TASK TO COMPLETE> Reproduce the entries below exactly, but leave the pictures out.

PROVIDED MATERIAL>
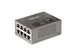 4-poorts Multi-Gigabit PoE++ injector 5G/2.5G/1G Ethernet PoE injector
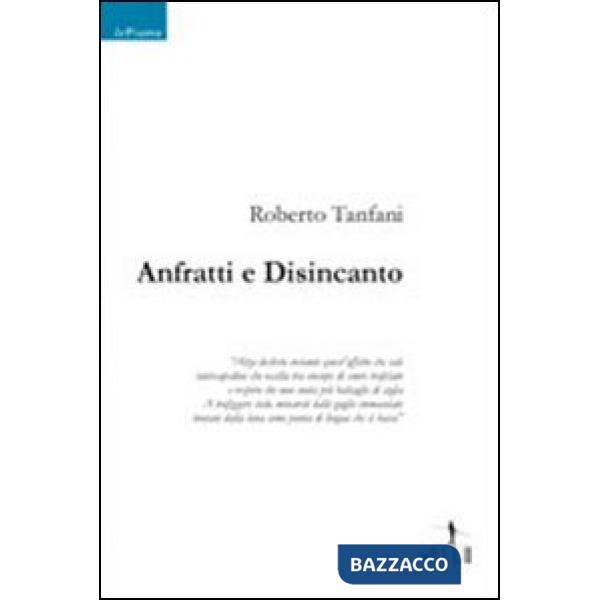 Anfratti e disincanto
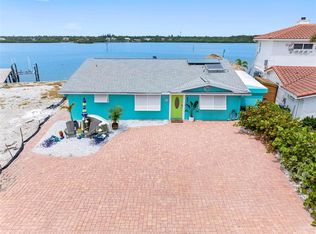 326 176th Avenue Cir, Redington Shores, FL 33708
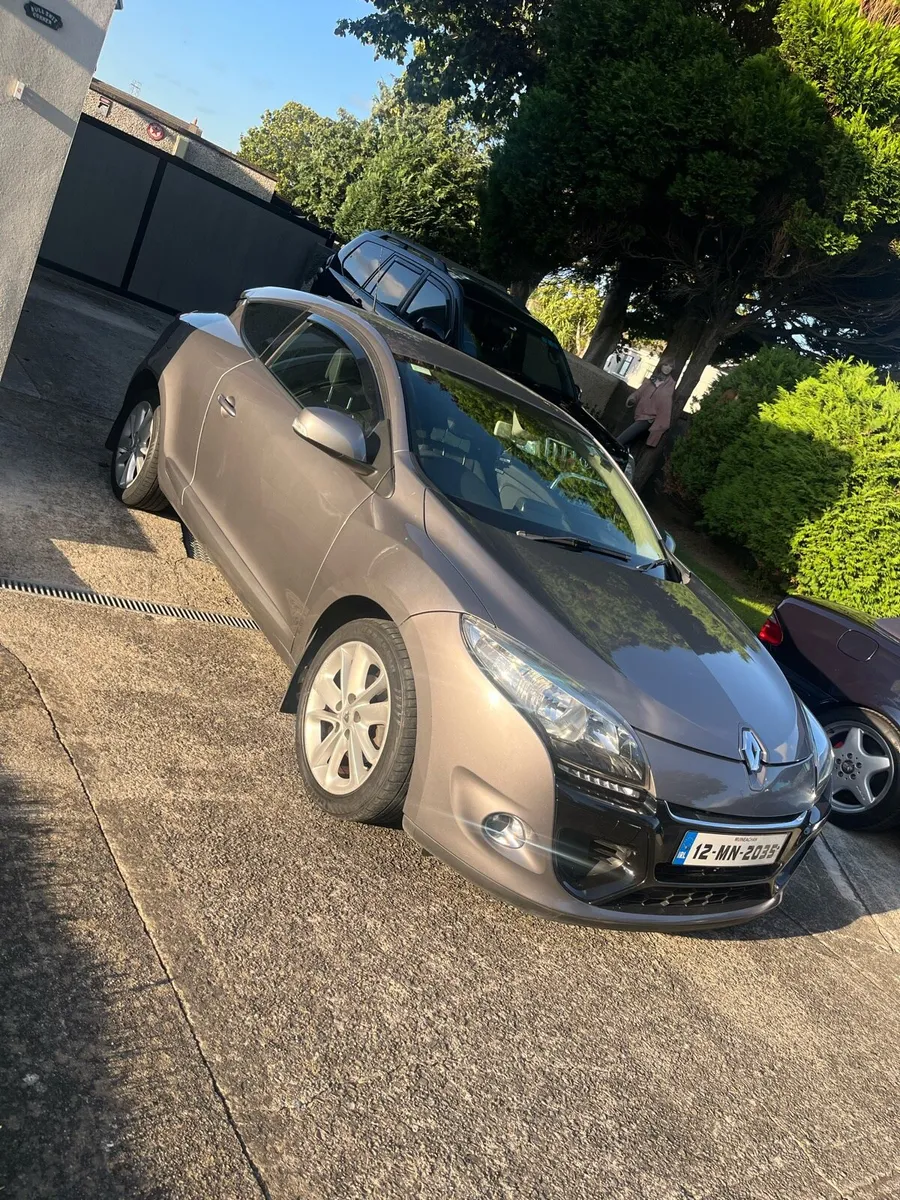 Renault Megan 2012 - Image 4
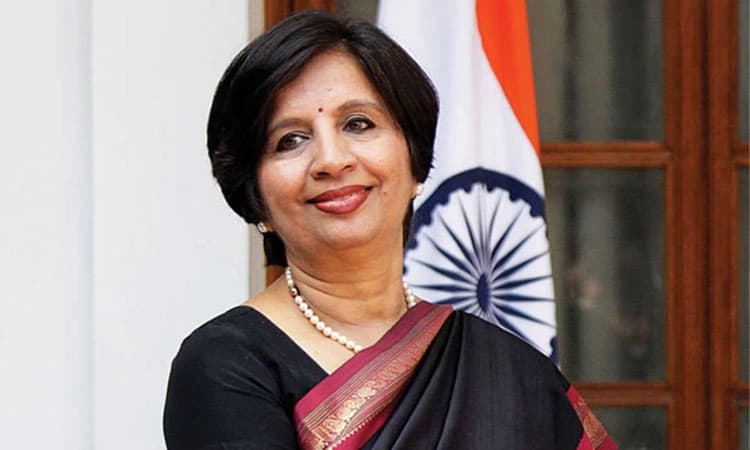UPSC:ವಿಭಿನ್ನ ಕನಸಿಗೆ ಸ್ಪಷ್ಟ ಗುರಿಯೇ ದಾರಿ:ಭಾರತೀಯ ವಿದೇಶಾಂಗ ನೀತಿಯ ಚತುರೆ ನಿರುಪಮಾ ರಾವ್‌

RESPONSE FOR THIS EXERCISE>
 4-poorts Multi-Gigabit PoE++ injector 5G/2.5G/1G Ethernet PoE injector
 Anfratti e disincanto
 326 176th Avenue Cir, Redington Shores, FL 33708
 Renault Megan 2012 - Image 4
UPSC:ವಿಭಿನ್ನ ಕನಸಿಗೆ ಸ್ಪಷ್ಟ ಗುರಿಯೇ ದಾರಿ:ಭಾರತೀಯ ವಿದೇಶಾಂಗ ನೀತಿಯ ಚತುರೆ ನಿರುಪಮಾ ರಾವ್‌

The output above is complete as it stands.